Barton: A Sneaked Preview

NDAs are getting so ridiculous.

Do you know what you NDA? You NDA things like the attack plan for the U.S. invasion of Iraq. If people find that out ahead of time, it does make a difference.

But really, if somebody pops the cork early on a CPU with a little more cache, what’s the big secret? Like nobody at Intel can figure out what a Barton 3000+ could do?

Some Things Shouldn’t Be A Surprise

Putting an NDA on Barton is like wrapping a bicycle in gift wrap and putting it by the Christmas tree. Any kid with brains slightly exceeding the mental hardware of a drugged slug should be able to figure out it’s a bicycle and not a car.

When you have a processor that runs at the same speed as a TBredB 2700+, and you know (or at least should be able to look up) that doubling the cache from 256 to 512K gave the Northwood about a 5-7% boost in performance (with a lot of variance from the average depending on the app/game used); you should have a pretty good idea how Barton will do without looking at a single benchmark.

Really. It’s not magic. We first mentioned this percentage range over six months ago.

A certain website put up its 3000+ Barton review a bit early, and was forced to take it down until the AMD cock crows or something like that.
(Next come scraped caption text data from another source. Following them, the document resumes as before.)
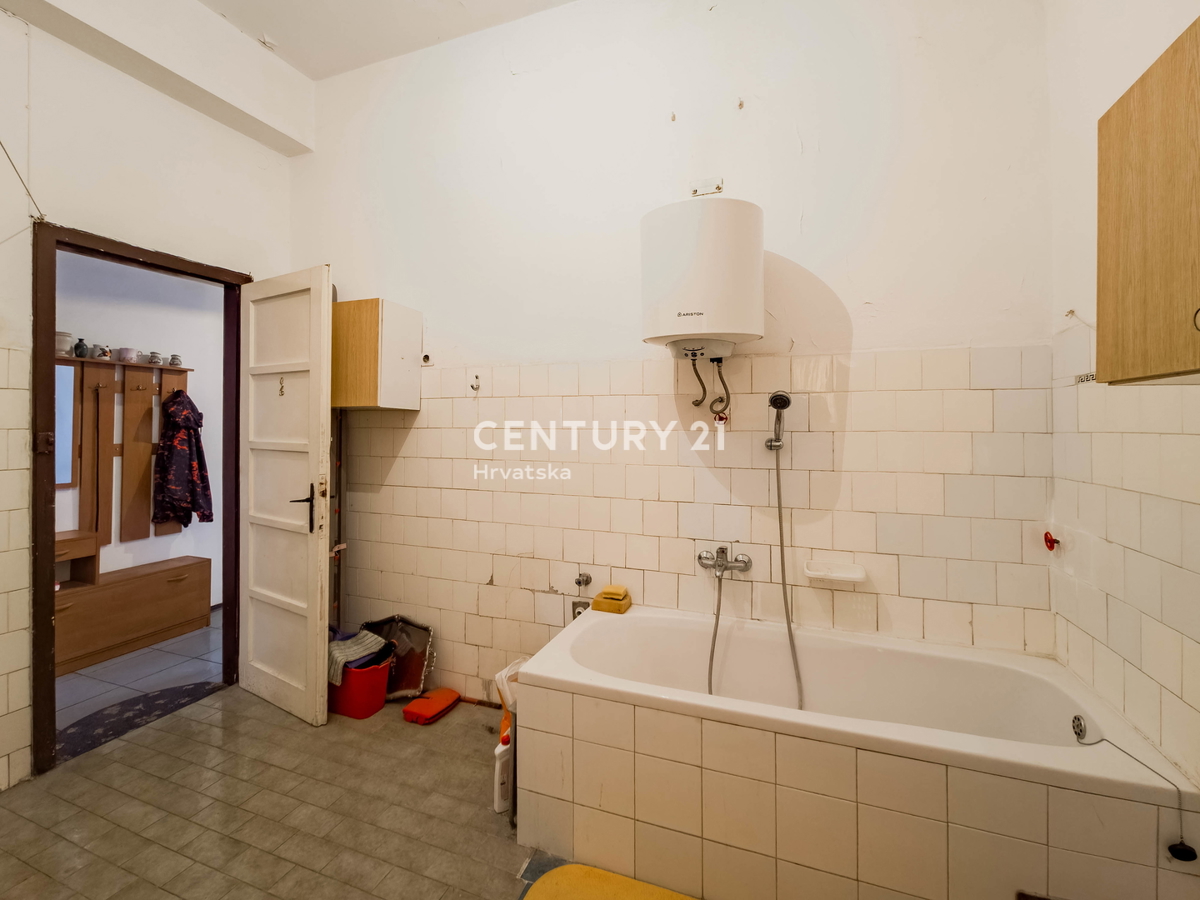 ZARA, RIVA BRANIMIROVA, APPARTAMENTO PRIMA FILA SUL MARE, OTTIMA POSIZIONE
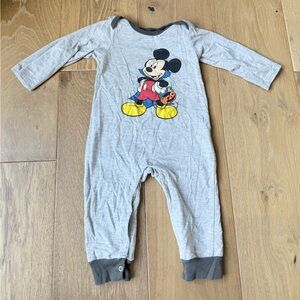 Disney Mickey Mouse vampire Gray and Black Kids Footless pajamas size 18 months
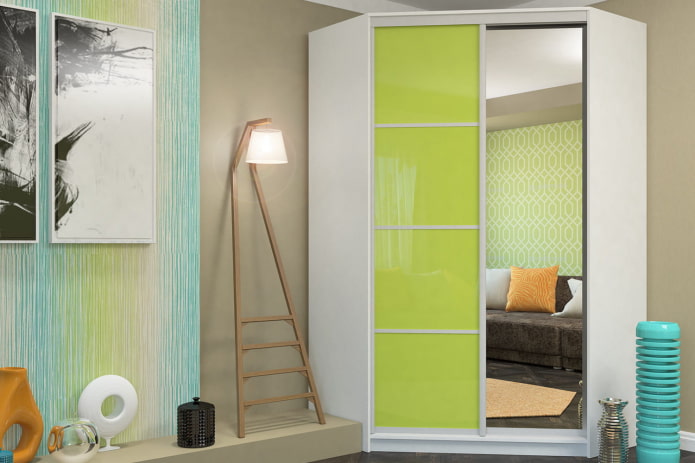 Armario esquinero trapezoidal en el salón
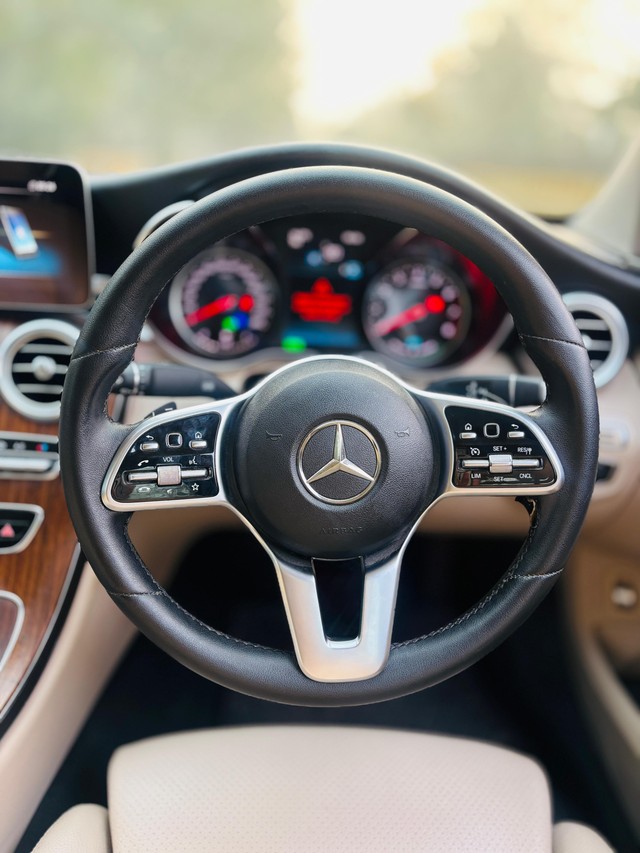Second-hand 2019 Mercedes-Benz C-Class Progressive C 200 for sale in New Delhi-18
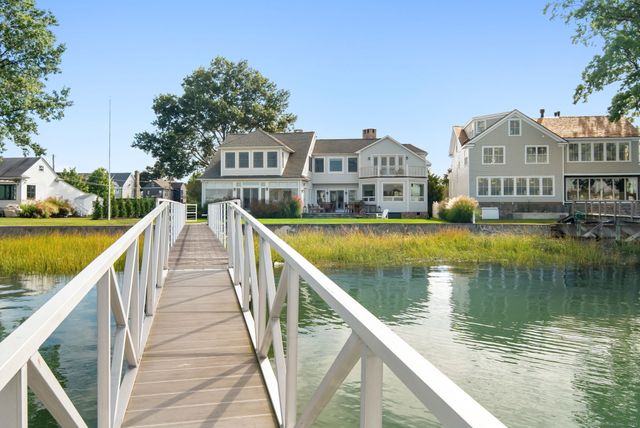 9 Sylvester Court, Norwalk, CT 06855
Someone was nice enough to save and send me all the benchmarks from that website, and while I’ll certainly not quote what I saw; there was nothing in there that surprised me or made me change my mind about that general guidance.
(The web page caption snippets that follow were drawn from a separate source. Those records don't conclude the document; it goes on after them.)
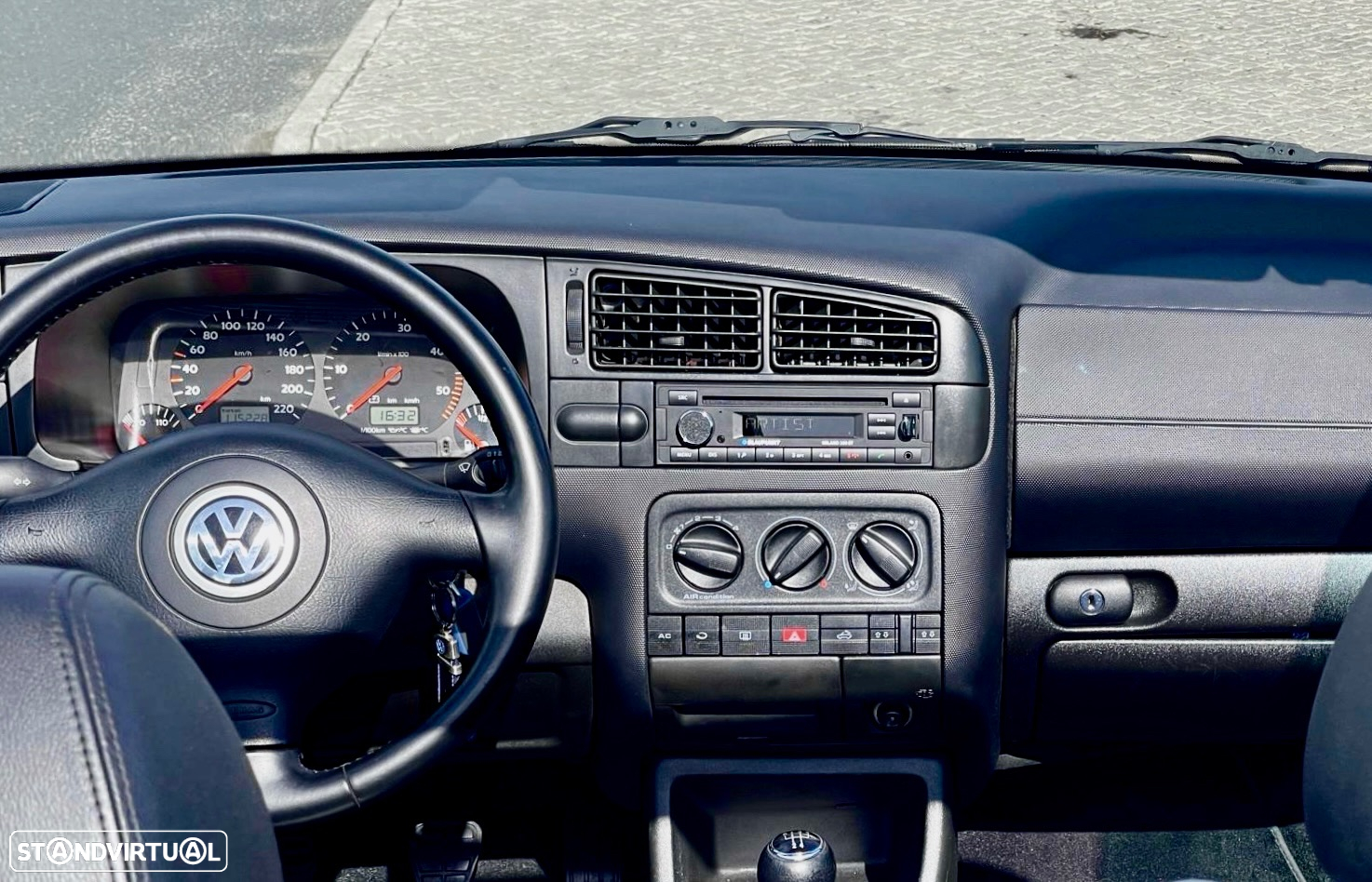 VW Golf Cabriolet 1.9 TDI Highl. - 9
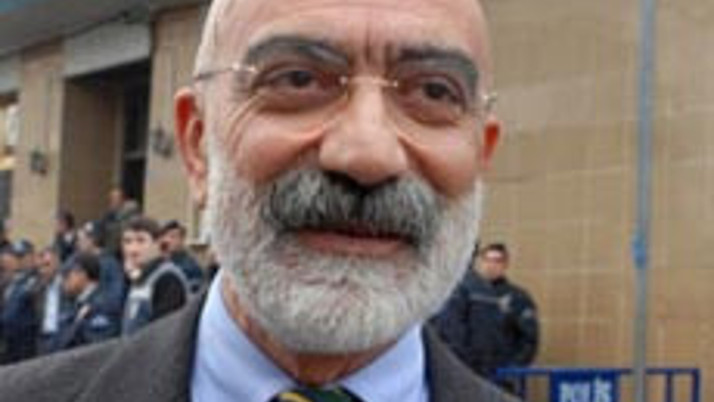 Ahmet Altan'dan Zaman için şok yazı
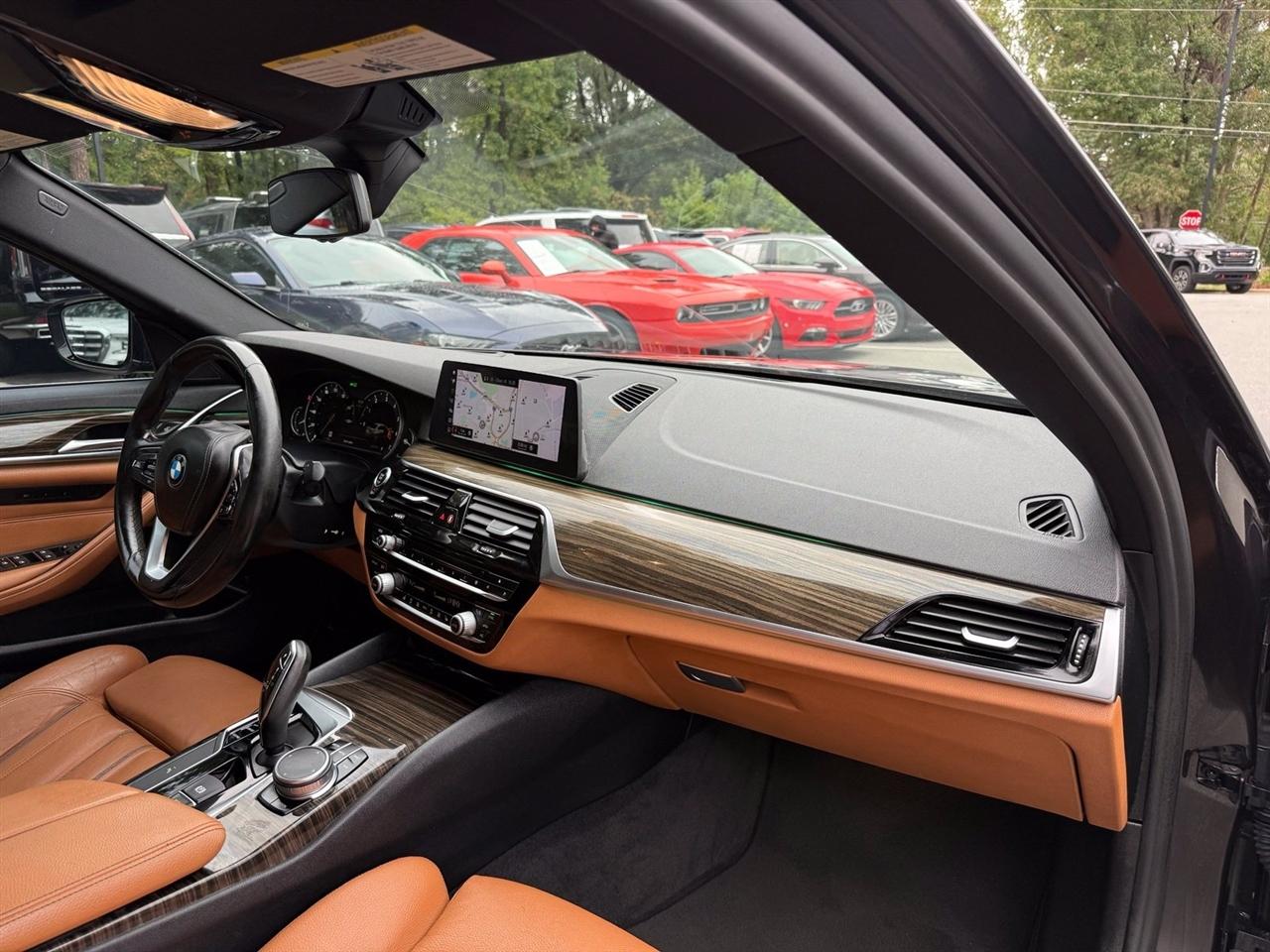 BMW 5-Series  2018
Sometimes it’s only a tiny bit faster than a 2700+, sometimes it’s a bit more than 10% difference. Usually, it comes somewhere inbetween those two extremes.

How does a 3000+ do compared to a PIV 3.06GHz? It’s pretty even. Sometimes it wins, sometimes the PIV wins. It justifies its 3000+ PR rating.

Overclocking? It seems to do about as well as the TBredBs have been doing.

Now you don’t have to stay up until midnight and I don’t have to write this early tomorrow morning. 🙂

There’s nothing I’ve said above I hadn’t said or would have said if asked before. That’s the point. Once a processor line establishes itself, these things are usually pretty predictable. You shouldn’t expect big surprises.

What Barton Is And Isn’t

Unless AMD decides to make .09 micron Athlons, Barton is the end of the line for Athlons. That’s important for those who don’t belong to the CPU Club of the Month but want to buy one last processor for their beloved socket A system.

It’s a nice little incremental change for the better over the current TBredBs, but that’s all.

Unfortunately, the current price tag is not a nice little incremental change over current TBredBs; it’s more like a pole vault over them. You’d have to be out of your mind to pay $350 more for the 3000+ than for the 2700+ and end up with a 5-7% improvement.

Given that I’m running a $100 Newegg 2100+ right now at exactly the same 2700+ speed at what is default voltage for the 2700+, anybody who can change the FSB speed in a BIOS would be paying $550 more for that 5-7%.

We don’t know yet if 2500+ Bartons are as capable, but even if they are, a lot of people are going to wonder if an extra $80 or so is worth a 5-7& improvement and decide, “No.”

It’s a nice little processor. It’s neither an Intel-killer nor Intel cannon fodder. The only real problem with it at the moment is the price tag, which ranges from dubious to ludicrous given what you can get out of other current AMD processors. Unfortunately for you cheapskates out there :), the price will pretty much stay that way for quite some time.